COVID-19 and the ‘new normal’ for the fitness industry
From virtual classes to mental health options, people have taken a more holistic approach to health and fitness during the pandemic.
COVID-19 has impacted many industries and businesses, and affected public health as a whole. It has changed people’s attitudes towards exercising and the way they exercise. They are now opting for at-home workouts and are taking up outdoor activities such as biking, running, etc. On the other hand, to stay connected with their clients, gym owners and personal trainers have moved to online platforms and are offering virtual classes to encourage healthy lifestyles even while at home.
The pandemic has also caused a lot of anxiety and depression among people, which has in turn generated conversation around mental health. The impact was also felt in the fitness world, with trainers altering their workout sessions to address mental health along with physical health.
People have also become more conscious and serious about mental health and are now engaging in physical activities that include mindful activities such as meditation. In fact, participation in fitness activities such as yoga has risen since the pandemic.
As we learn to adapt to the new normal, the fitness industry is also finding ways to stay relevant: from changing the way they operate to embracing technology while keeping in mind buying patterns, extra caution, and shift in priorities of the client.
So, how do we prepare and adapt to the future of fitness?
Besides filling the attendance in the gyms and workout classes, fitness centres and gyms also have to focus on providing a mix of online workouts and at-home service options to cater to the people who are hesitant to expose themselves as well as germaphobics.
Another major precaution that gyms need to focus on is increasing their hygiene practices.

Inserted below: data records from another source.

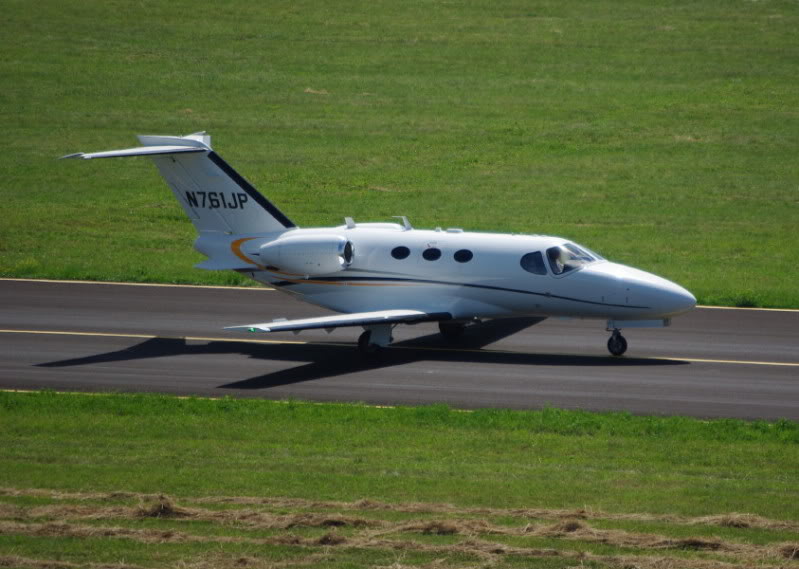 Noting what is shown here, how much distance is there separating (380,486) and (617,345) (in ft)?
35.9

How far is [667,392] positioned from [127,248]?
22.3 m

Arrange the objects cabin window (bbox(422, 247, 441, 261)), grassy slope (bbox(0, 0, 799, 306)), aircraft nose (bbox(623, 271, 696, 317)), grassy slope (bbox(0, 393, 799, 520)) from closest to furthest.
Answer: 1. grassy slope (bbox(0, 393, 799, 520))
2. aircraft nose (bbox(623, 271, 696, 317))
3. cabin window (bbox(422, 247, 441, 261))
4. grassy slope (bbox(0, 0, 799, 306))

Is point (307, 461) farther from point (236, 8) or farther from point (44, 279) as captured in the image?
point (236, 8)

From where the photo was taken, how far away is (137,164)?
181 ft

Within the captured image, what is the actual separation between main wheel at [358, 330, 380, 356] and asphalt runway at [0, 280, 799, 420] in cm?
29

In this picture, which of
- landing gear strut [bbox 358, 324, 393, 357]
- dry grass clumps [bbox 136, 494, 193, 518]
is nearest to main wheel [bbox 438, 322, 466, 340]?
landing gear strut [bbox 358, 324, 393, 357]

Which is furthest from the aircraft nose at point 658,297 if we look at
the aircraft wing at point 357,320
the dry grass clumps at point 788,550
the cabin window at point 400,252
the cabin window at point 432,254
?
the dry grass clumps at point 788,550

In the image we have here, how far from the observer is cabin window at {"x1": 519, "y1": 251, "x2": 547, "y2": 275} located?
27.7 m

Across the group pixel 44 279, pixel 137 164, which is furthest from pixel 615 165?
pixel 44 279

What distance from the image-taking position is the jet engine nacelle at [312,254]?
28797 mm

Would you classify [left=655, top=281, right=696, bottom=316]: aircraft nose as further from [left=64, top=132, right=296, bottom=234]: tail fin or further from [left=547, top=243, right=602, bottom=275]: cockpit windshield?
[left=64, top=132, right=296, bottom=234]: tail fin

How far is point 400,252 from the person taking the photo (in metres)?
28.8

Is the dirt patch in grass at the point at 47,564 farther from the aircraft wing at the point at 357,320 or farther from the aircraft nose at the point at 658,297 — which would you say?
the aircraft nose at the point at 658,297

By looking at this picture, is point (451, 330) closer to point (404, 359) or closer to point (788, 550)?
point (404, 359) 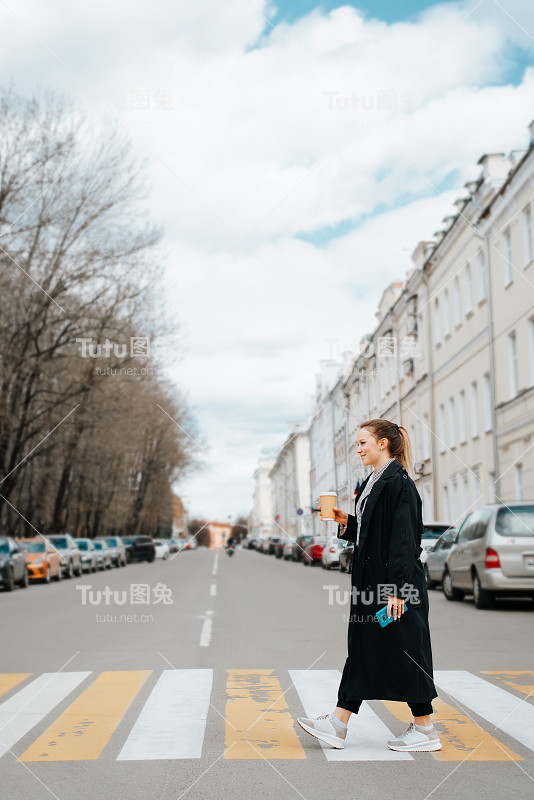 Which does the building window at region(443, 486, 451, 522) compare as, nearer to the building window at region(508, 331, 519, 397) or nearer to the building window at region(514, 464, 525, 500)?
Result: the building window at region(514, 464, 525, 500)

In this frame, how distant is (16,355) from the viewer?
3297 centimetres

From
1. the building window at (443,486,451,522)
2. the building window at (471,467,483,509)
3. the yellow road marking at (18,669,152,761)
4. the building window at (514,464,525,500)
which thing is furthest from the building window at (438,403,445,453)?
the yellow road marking at (18,669,152,761)

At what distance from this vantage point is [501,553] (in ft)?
50.9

From clean equipment to spotless changing rooms, fitness centres and gyms will need to include sanitisation stations, handwashing guidelines, and equipment disinfecting instructions. As an added precaution, they should also provide extra training to the cleaning staff.
People have been living in isolation due to the pandemic and have enjoyed the convenience of training and working out in the comfort of their homes with the help of technology and live classes. This makes it imperative for fitness centres and gyms to continue catering to the new habits of the clients going forward.
While the pandemic may have brought about many inconveniences, it has also benefited businesses. From reaching out to a wider audience to entering global markets online, it has allowed people to experience businesses remotely and given employees the option to work from home. It has also offered clients the option to live-stream workout classes, train with their favourite instructors, and record sessions at their own convenience and time, thereby helping them to maintain a healthy work-life balance.
So while we embrace the new normal, we have to accept that the fitness industry has changed for the better. Together, we will have to step up to the crisis and address the current need of the hour.